It’s the £4.9bn takeaway bid
Cash offer move to thwart Just Eat deal
MEALS delivery firm
Just Eat is at the centre of a bidding war after receiving a surprise new £4.9billion cash offer.
The company had already agreed a merger with Dutch rival Takeaway. com.
But investment firm Prosus is aiming to scupper that deal with a cash bid working out at 710p a share.
Shares in Just Eat soared by nearly 25 per cent to 732p yesterday as a result.
Just Eat’s board has rejected the Prosus offer, claiming it “significantly undervalues” the company.
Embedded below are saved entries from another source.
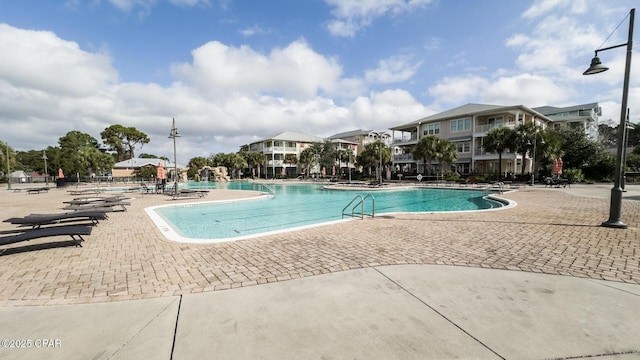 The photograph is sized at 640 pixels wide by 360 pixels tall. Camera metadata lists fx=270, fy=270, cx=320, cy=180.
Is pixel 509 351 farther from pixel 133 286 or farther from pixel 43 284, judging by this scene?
pixel 43 284

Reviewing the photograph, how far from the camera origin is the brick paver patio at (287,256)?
4.12m

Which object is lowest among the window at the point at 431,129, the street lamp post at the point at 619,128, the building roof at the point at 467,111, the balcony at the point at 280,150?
the street lamp post at the point at 619,128

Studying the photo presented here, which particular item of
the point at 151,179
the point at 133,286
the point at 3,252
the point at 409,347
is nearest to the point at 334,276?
the point at 409,347

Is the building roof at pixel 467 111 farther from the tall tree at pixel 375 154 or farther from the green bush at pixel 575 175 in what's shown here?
the green bush at pixel 575 175

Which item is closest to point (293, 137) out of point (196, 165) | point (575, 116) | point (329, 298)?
point (196, 165)

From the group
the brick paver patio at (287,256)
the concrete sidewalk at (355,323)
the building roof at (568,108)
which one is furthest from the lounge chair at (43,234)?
the building roof at (568,108)

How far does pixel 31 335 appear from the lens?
2799 millimetres

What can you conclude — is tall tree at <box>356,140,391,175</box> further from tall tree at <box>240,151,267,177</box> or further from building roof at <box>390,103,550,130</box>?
tall tree at <box>240,151,267,177</box>

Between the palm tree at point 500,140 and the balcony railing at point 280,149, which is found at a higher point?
the balcony railing at point 280,149

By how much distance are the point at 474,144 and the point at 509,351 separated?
44.1 metres

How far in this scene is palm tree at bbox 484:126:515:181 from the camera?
31111 mm

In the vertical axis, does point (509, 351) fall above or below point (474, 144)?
below

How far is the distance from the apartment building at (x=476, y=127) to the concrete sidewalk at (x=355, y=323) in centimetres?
3762

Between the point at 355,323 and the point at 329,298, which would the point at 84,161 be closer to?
the point at 329,298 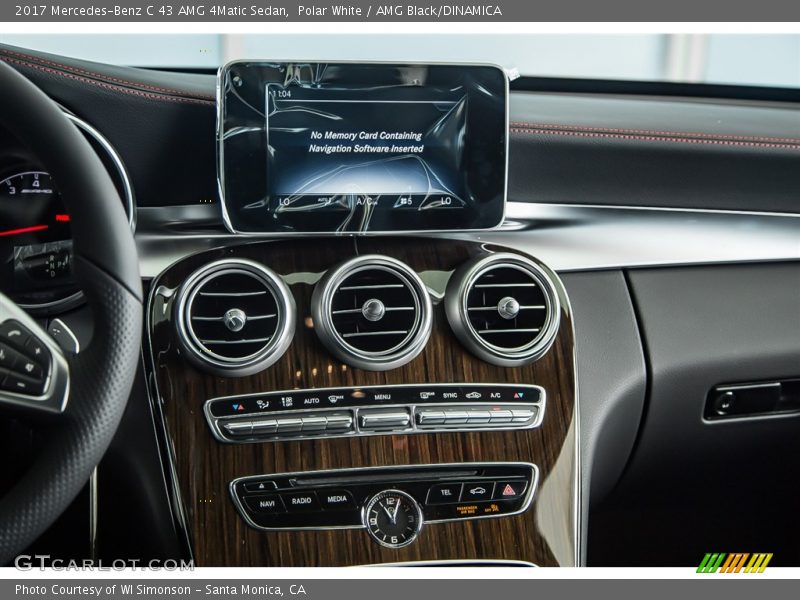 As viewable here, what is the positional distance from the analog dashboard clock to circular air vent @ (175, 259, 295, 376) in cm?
23

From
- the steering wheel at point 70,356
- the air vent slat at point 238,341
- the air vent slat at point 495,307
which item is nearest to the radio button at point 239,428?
the air vent slat at point 238,341

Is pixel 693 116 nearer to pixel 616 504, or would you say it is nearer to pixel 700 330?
pixel 700 330

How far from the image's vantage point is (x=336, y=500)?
3.58 ft

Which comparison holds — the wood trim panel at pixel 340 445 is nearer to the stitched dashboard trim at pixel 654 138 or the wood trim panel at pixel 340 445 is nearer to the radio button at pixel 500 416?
the radio button at pixel 500 416

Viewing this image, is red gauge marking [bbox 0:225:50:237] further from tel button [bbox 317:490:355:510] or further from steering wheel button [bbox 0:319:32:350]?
tel button [bbox 317:490:355:510]

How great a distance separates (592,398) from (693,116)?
0.52m

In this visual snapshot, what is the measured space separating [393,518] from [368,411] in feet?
0.47

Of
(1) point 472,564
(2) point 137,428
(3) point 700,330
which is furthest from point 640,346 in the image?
(2) point 137,428

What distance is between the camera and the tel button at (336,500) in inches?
42.8

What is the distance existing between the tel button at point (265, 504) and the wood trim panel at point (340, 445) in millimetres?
24

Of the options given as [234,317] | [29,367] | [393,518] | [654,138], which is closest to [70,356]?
[29,367]

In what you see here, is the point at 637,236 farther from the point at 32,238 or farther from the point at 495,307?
the point at 32,238

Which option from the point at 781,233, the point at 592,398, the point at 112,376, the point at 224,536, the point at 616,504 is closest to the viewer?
the point at 112,376

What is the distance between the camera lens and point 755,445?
1.50 metres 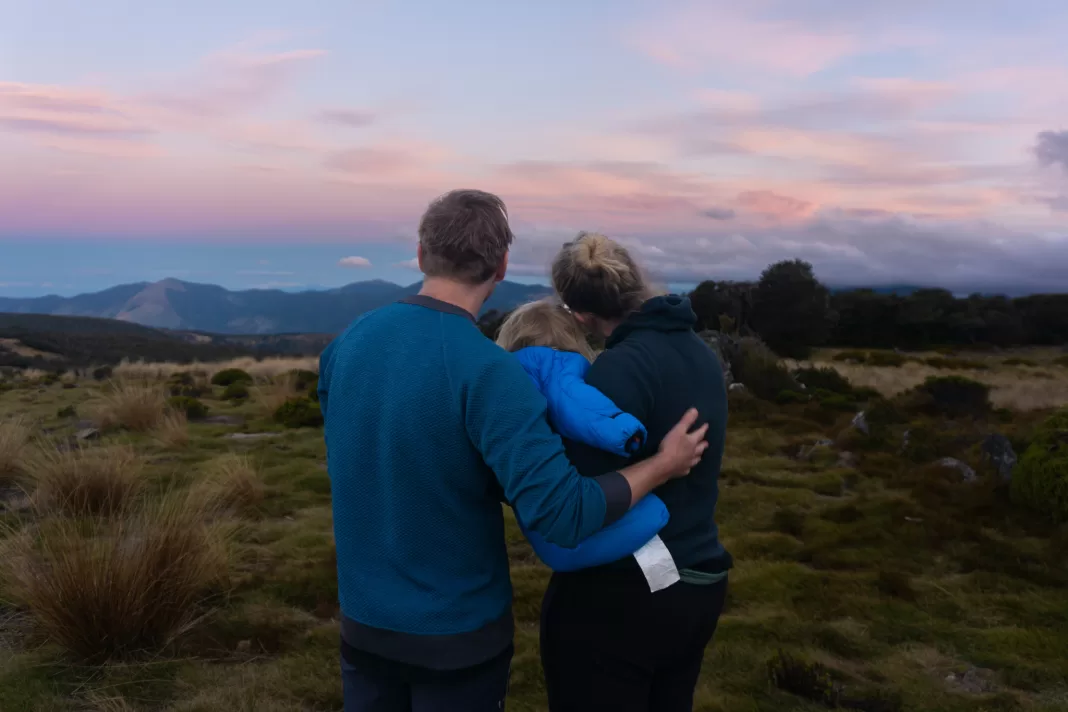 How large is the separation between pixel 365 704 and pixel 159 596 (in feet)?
9.09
But Prosus is now appealing directly to the shareholders.
Just Eat and another competitor, Deliveroo, have built up booming businesses from shaking up the takeaway industry.
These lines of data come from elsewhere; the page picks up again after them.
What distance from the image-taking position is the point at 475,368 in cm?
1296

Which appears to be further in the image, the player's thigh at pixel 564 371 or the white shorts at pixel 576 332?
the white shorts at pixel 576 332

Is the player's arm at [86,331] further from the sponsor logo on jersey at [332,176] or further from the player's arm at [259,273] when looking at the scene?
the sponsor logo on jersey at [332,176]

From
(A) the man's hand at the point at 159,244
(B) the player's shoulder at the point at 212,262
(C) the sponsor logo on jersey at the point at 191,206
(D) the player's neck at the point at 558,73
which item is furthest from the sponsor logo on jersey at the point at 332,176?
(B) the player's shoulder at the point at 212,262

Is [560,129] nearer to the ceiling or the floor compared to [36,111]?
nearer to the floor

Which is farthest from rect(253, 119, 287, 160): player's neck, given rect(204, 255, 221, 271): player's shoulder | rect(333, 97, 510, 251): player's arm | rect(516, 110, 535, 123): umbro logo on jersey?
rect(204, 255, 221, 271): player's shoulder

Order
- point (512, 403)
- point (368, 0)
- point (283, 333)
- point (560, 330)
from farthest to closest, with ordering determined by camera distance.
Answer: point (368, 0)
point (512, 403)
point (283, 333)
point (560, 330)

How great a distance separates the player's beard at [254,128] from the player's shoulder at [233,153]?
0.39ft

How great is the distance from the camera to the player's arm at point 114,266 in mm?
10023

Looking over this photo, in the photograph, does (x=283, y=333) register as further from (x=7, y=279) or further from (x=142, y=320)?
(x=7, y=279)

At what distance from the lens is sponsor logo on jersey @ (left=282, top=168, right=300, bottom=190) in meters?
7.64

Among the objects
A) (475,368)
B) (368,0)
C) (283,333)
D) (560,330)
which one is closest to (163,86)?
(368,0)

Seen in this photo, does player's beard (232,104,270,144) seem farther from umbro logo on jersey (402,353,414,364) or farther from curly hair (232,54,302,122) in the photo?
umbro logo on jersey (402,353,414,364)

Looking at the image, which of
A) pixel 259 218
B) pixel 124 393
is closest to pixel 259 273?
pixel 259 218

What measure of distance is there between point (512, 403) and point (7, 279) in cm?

Deliveroo’s bosses have been handed more than £20million in potential shares amid reports it could be lining up a possible £3billion stock market listing.
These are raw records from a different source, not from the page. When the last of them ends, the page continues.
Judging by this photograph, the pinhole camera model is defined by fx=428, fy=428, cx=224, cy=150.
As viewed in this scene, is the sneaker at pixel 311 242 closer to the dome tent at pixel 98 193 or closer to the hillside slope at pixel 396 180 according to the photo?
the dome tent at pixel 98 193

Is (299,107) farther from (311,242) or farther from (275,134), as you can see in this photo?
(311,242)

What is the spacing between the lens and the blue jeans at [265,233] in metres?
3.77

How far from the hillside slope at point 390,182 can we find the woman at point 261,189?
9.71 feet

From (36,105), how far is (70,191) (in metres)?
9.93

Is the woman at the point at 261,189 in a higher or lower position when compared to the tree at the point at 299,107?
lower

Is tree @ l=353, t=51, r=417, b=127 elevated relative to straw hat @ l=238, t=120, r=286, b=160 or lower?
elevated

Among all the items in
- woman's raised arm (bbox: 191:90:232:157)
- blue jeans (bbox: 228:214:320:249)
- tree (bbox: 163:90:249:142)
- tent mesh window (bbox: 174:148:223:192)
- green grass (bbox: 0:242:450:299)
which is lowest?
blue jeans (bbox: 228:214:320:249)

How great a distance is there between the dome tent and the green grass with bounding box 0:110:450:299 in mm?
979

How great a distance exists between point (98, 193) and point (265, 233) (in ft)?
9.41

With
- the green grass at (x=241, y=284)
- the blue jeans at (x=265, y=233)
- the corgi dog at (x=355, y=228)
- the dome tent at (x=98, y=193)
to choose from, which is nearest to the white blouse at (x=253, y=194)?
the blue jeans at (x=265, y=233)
The proposed tie-up between Just Eat and Takeaway.com would create a £9billion combined business.
Prosus already has big investments in food delivery companies in Latin America, India and elsewhere in Europe.
Bob van Dijk, its chief executive, said: “We believe our global experience and resources can help Just Eat to achieve its significant potential.”
Chris Beauchamp, chief market analyst at online trading firm IG, said: “The response from the share price suggests a bidding war is now in play, potentially sending the share price back towards the 900p high we saw in early 2018.”